Forgive me if my recent infatuation with the archives of the Brooklyn Daily Eagle is wearing thin on you screamers and screamettes who don't dig the wacky Victoriana. But this story from August 29, 1901 issue had a goofy charm to it and I couldn't keep it form myself.
Cryptically titled "Only One Foot Was Visible," today's story covers a haunted house that caused a stir in Fort Hamilton, a neighborhood that grew up around the Fort Hamilton Army Garrison in Brooklyn.
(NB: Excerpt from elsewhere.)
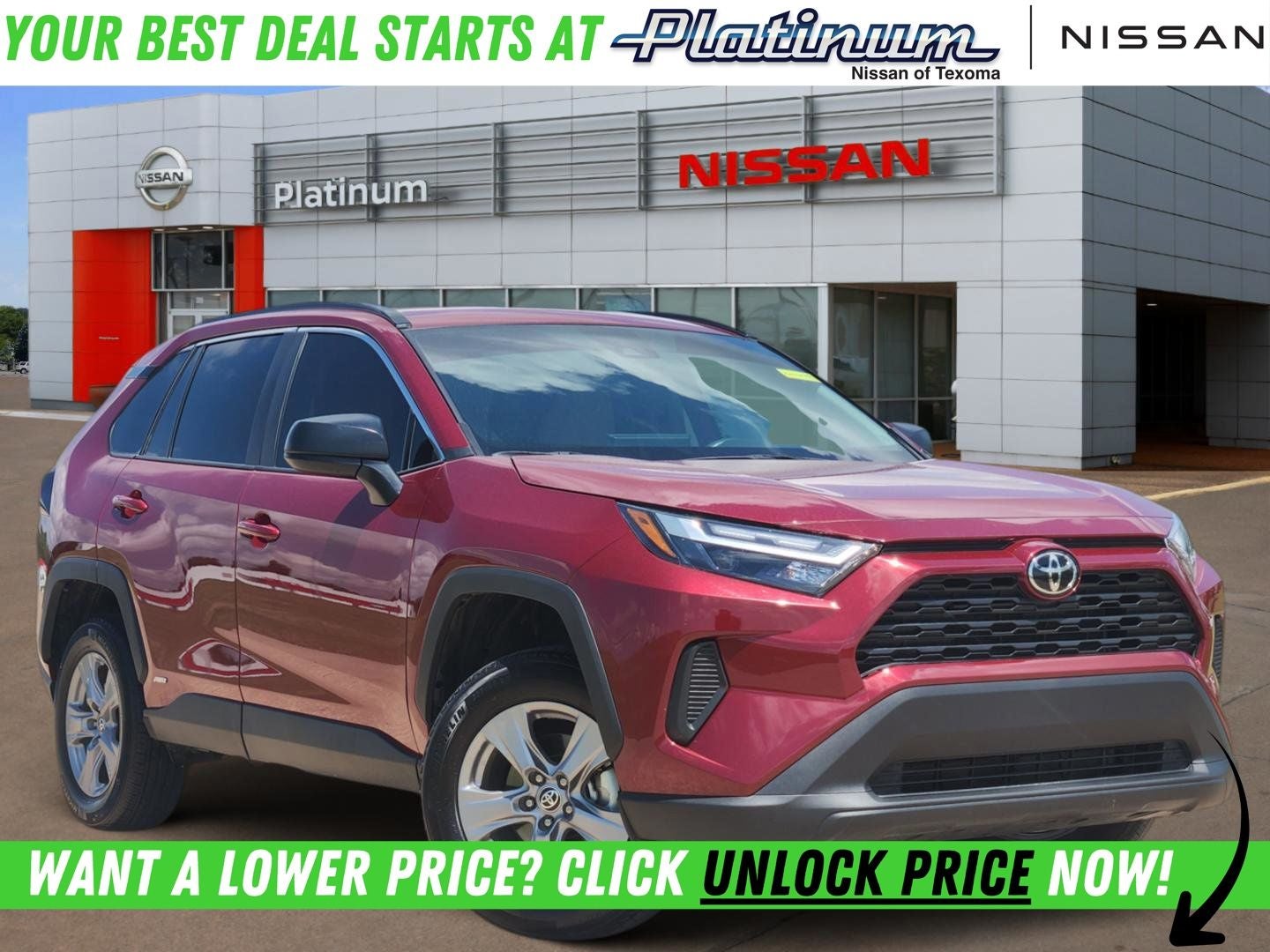 2025 Toyota RAV4 Hybrid LE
The ghost, described a female figure about 35 years of age, appeared regularly in the windows of an abandoned home on Fort Hamilton Avenue and Ninety-second Street. Occasionally she was robed in white, but some spotted her dressed in black. Witnesses – and there would eventually be many witnesses – claimed that audible moans came from the house whenever the ghost would appear.
As luck would have it, the building across the street from this haunted house was the home of two Brooklyn police officers: Patrolman Frank Many, who lived with his mother, and Detective Martin White, who lived with his wife. Mrs. Many was the first to spot the ghost. According to the story, Mrs. Many saw the ghost several times. When she told her skeptical son of the restless spirit, Frank "scoffed at the idea and paid no attention to the matter at first."
I can only assume that, eventually, his mother's nagging wore down Patrolman Many's resistance to the idea of the continued existence of the spirit after bodily death. Without a word of explanation as to why Many changed his mind, the article states that Many "spent several nights trying to solve the mystery of the ghost, but although he would see her, yet she always eluded him."
Having now seen the specter, the patrolman called for back-up and enlisted the aid of Detective White. White, apparently without the aid of Many, also "for several nights . . . kept vigil, but failed to capture the woman."
By this point, the presence of the ghost had the whole neighborhood in an uproar. Speculation about the identity of the ghost became a popular pastime. As nobody could think of a suitably tragic candidate from the house's past, many wondered if it wasn't a a spook that had immigrated from some more tragic place. Crowds gathered around the house nightly. Some nights more than 200 people came to see the spirit. The ghost was seen regularly, but then, inexplicably, disappeared for days. After several nights, the excitement began to die down and the crowds dwindled away to nearly nothing.
Then, as suddenly as she had vanished, the ghost re-appeared. Accord to witnesses the spirit was "robed in white" and she "appeared at the window, uttered a few mournful sobs and disappeared."
A frustrated Detective White decided that he'd had enough and he broke into the house. A mob of men and children followed him. From the paper:
They searched every hole and corner of the house, and just as they were about to give up the hunt, White saw a woman's foot inside the old fireplace. Stooping down the detective discovered the ghost. He dragged her out into the room, tore away a sheet from the woman's head, and discovered a trim, but greatly frightened woman. She was Mrs. John Barrett, who had making her home at the house, and the ghost business was merely a sham to keep people from entering the house.